Seketika masyarakat Indonesia terhempas oleh berita kasus Suap Ketua Mahkamah Konstitusi, Akil Mochtar. Kasus suap ini seakan memberikan tamparan besar bagi instansi hukum di Indonesia. Bagaimana tidak, lembaga tertinggi di Indonesia dalam hal penegakan hukum ternyata tak lepas dari praktik korupsi. Kasus suap yang menimpa pun tak main-main, kasus suap sengketa pilkada Lebak. Maka tak ayal, kasus sengketa Lebak ini menjadi sebuah pertanyaan besar, apakah sengketa pilkada di belahan Indonesia lain juga rentan kasus suap?

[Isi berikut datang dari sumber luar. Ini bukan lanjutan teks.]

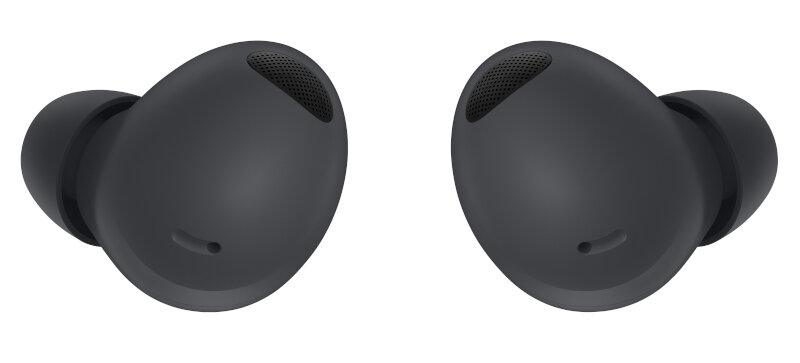 Dwa czarne bezprzewodowe słuchawki. Każdy ma głośnik z siatki i mały port ładowania.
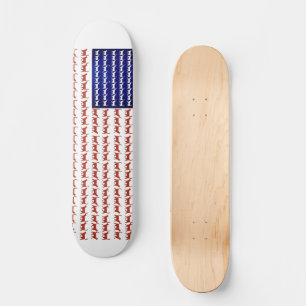 4 juli Cat Flag Red White en Blue Skateboard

Seiring berjalannya waktu, KPK secara umum menyebutkan bahwa pelaku suap ini adalah Tb. Chaeri Wardhana yang tak lain tak bukan merupakan adik kandung dari Gubernur Banten Ratu Atut Chosiyah. Tak berhenti sampai disitu, kasus pun berkembang menjadi korupsi Pengadaan Alat Kesehatan di Kotamadya Tangerang Selatan, yang akhirnya menyeret adik ipar Ratu Atut Chosiyah, yaitu Airin Rachmi yang merupakan Walikota Tangsel. Sebuah drama efek domino yang ditembakkan oleh KPK.

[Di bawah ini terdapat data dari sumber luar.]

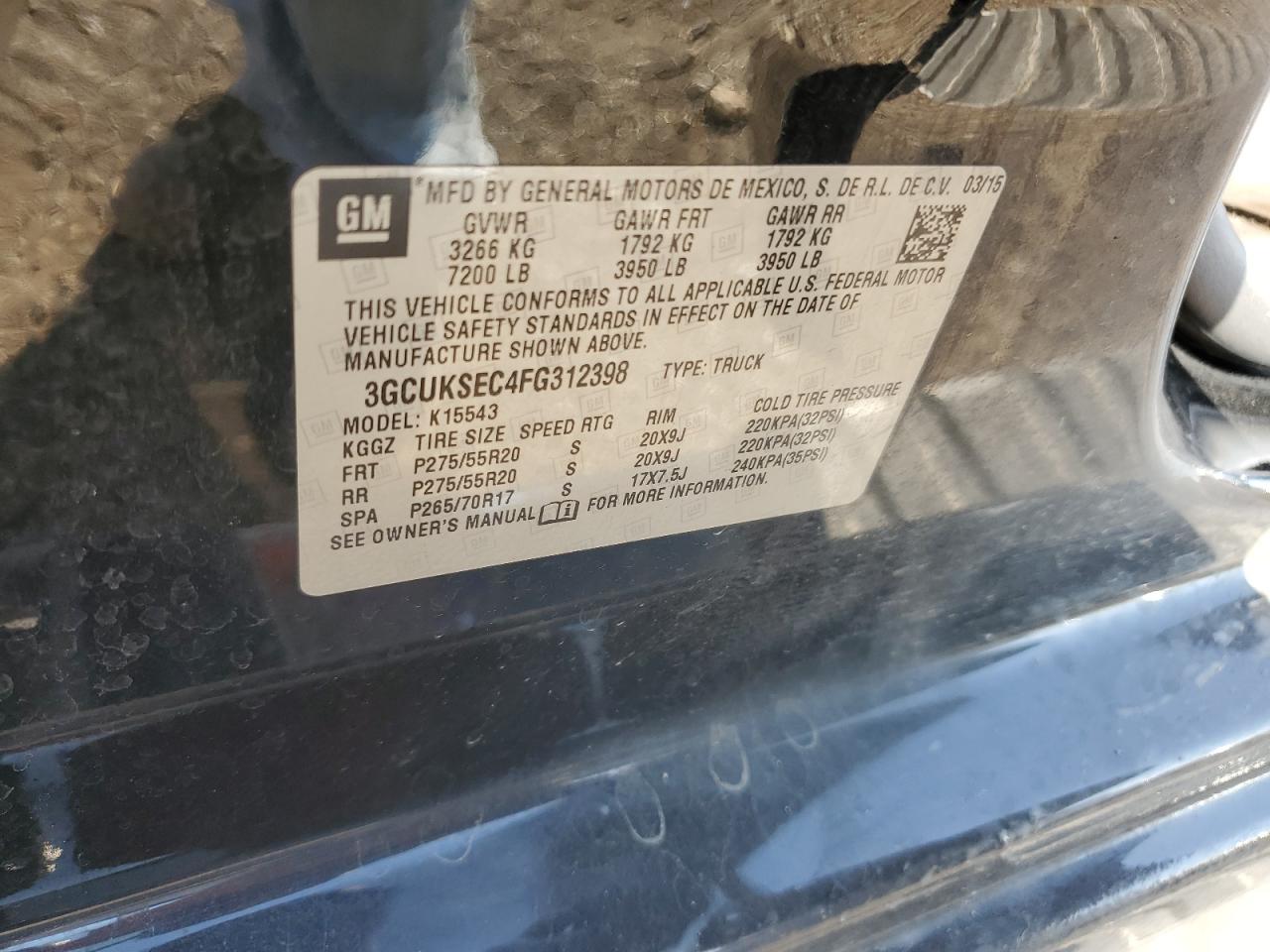 2015 Chevrolet Silverado K1500 Ltz VIN: 3GCUKSEC4FG312398 Lot: 91546185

Memang belum bisa dibuktikan secara hukum oleh KPK dan Pengadilan Tipikor, tapi pernyataan dari KPK yang menyatakan bahwa kasus Banten merupakan kejahatan keluarga seakan melangkahi kewenangan hukum tersebut dan mungkin tak disadari bahwa pernyataan Abraham Samad seakan melupakan asas praduga tak bersalah yang selalu dijunjung dalam proses hukum. Publik pun melihat bahwa sepertinya KPK sangat pedas dalam penanganan kasus Banten ini. Bagaimana tidak, nilai korupsi yang diduga tak sebesar kasus korupsi yang lain. Sebutlah kasus Century yang mencapai 7 triliun, atau kasus Hambalang yang mencapai 463 miliar. Kasus Ratu Atut sendiri diduga berkisar 193 miliar, jauh dibawah dua kasus yang pertama disebutkan diatas.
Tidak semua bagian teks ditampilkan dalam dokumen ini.